Les Miscellanées d’un bouquineur, Virgile Stark (par Gilles Banderier)
Les Miscellanées d’un bouquineur, Virgile Stark, Les Belles-Lettres, novembre 2022, 156 pages, 17,70 €
Edition: Les Belles Lettres
On peut passer sa vie professionnelle à vendre des livres dans une librairie ou à les prêter et en assurer le retour dans une bibliothèque publique sans jamais en lire un seul. Le fait que le prix d’un volume soit désormais imprimé au bas de sa quatrième de couverture évite au commerçant de feuilleter le volume pour établir sa facture. Dans les bibliothèques publiques où un ouvrage se réduit désormais à un code-barre, le seul membre du personnel amené à ouvrir un volume est celui chargé de le cataloguer – et encore peut-il se contenter de copier les informations fournies par une base de données. Bref, ceux qui vivent au milieu des livres ne sont pas ipso facto les mieux placés pour en parler. Bien entendu, il existe d’heureuses exceptions et Virgile Stark en constitue une, qui manipule des livres les jours ouvrables à la bibliothèque où il travaille et bouquine sur ses heures de loisir. De sa longue et assidue fréquentation des livres, il a tiré un volume de Miscellanées d’un bouquineur, auxquelles les Belles-Lettres ont donné une forme particulièrement agréable, originale et réussie.

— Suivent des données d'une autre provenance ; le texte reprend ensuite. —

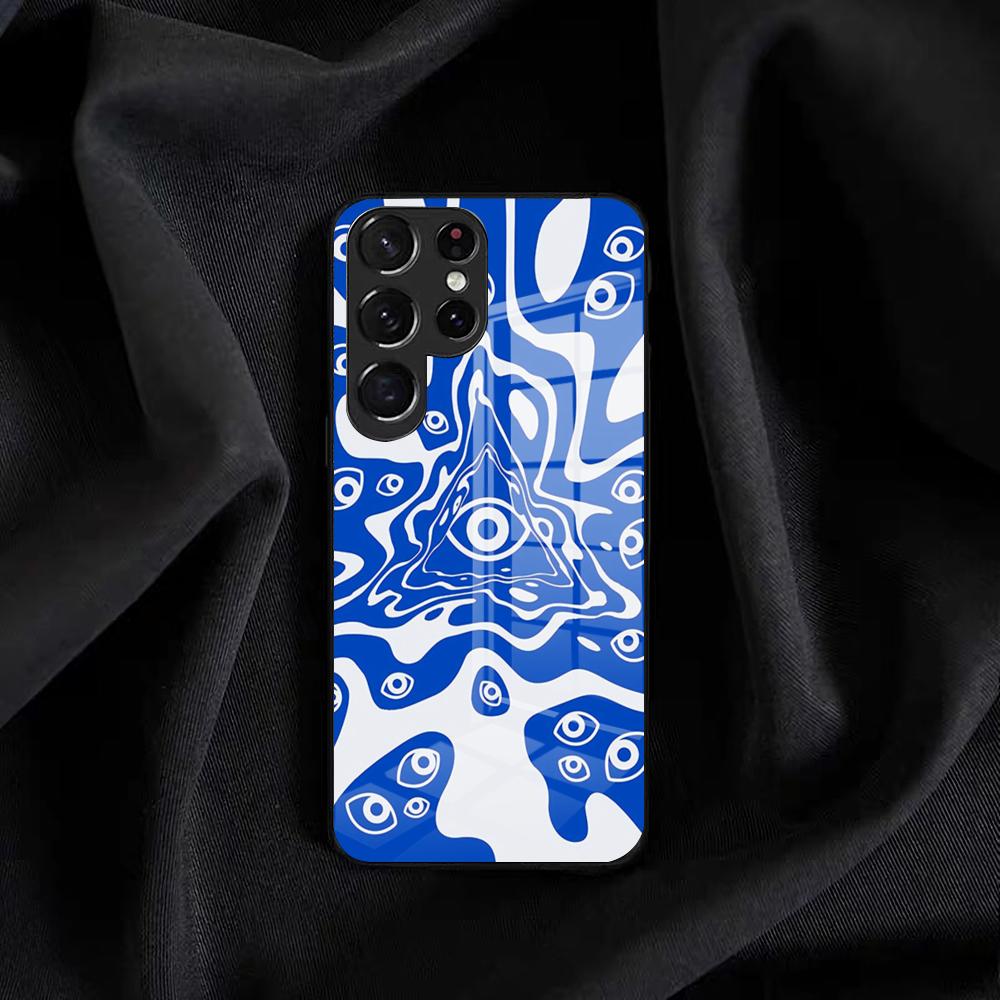 Винтажный синий чехол для телефона 'Сглаз' для Samsung S25 Edge Ultra S23 S22 S21 S20 Ultra Plus S24 Fe A54 A53 A25 Стеклянная крышка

Comme l’écrivait Montaigne, l’auteur d’un livre infini, « celui-ci [le commerce des livres] côtoie tout mon cours et m’assiste partout. Il me console en la vieillesse et en la solitude. Il me décharge du poids d’une oisiveté ennuyeuse ; et me défait à toute heure des compagnons qui me fâchent. Il émousse les pointures de la douleur si elle n’est du tout extrême et maitresse. Pour me distraire d’une imagination importune, il n’est que de recourir aux livres ; ils me détournent facilement à eux et me la dérobent. Et si, ne se mutinent point pour voir que je ne les recherche qu’au détriment de ces autres commodités, plus réelles, vives et naturelles ; ils me reçoivent toujours de même visage ». Il faut avoir soi-même passé un peu de temps à fréquenter les livres pour savoir qui fut Gabriel Peignot, alias G.P. Philomneste, auteur d’Un Livre des singularités, et d’Amusements philologiques, jamais réédités depuis le XIXe siècle. Virgile Stark s’inscrit dans sa ligne. Le seul point commun aux cent cinquante notes réunies dans ce volume, qui s’accommode d’une lecture discontinue, est le livre, cet objet né avec le christianisme et qui supplanta définitivement le rouleau, le volumen du monde gréco-latin (il a toutefois été remarqué que le traitement de texte, qui fait défiler les lignes de haut en bas, avait opéré un retour à la lecture sur rouleau) ; le livre qu’on lit, qu’on collectionne, qu’on recherche, qu’on détruit ; les livres qui transmettent la beauté ou l’horreur du monde. Il est question de méthodes de lecture ou d’écriture rapides, du vocabulaire de la typographie (aussi pittoresque et suranné que celui de la marine à voile), du premier livre imprimé (la Bible de Gutenberg, dont il ne reste que cinquante exemplaires, dont un appartient à Bill Gates), de lecteurs au long cours (Stanley Kubrick, Karl Lagerfeld), de manuscrits mystérieux ayant existé (le codex Voynich) ou non (le Necronomicon de Lovecraft). Avec Borges et quelques autres, Virgile Stark a compris que l’érudition est un jeu et invite son lecteur à s’amuser en sa compagnie. Nul ne regrettera le temps passé ainsi.
Gilles Banderier
Bibliothécaire, Virgile Stark a publié, aux Belles-Lettres, Crépuscule des bibliothèques (2015) et Le Navigateur obsolète (2016).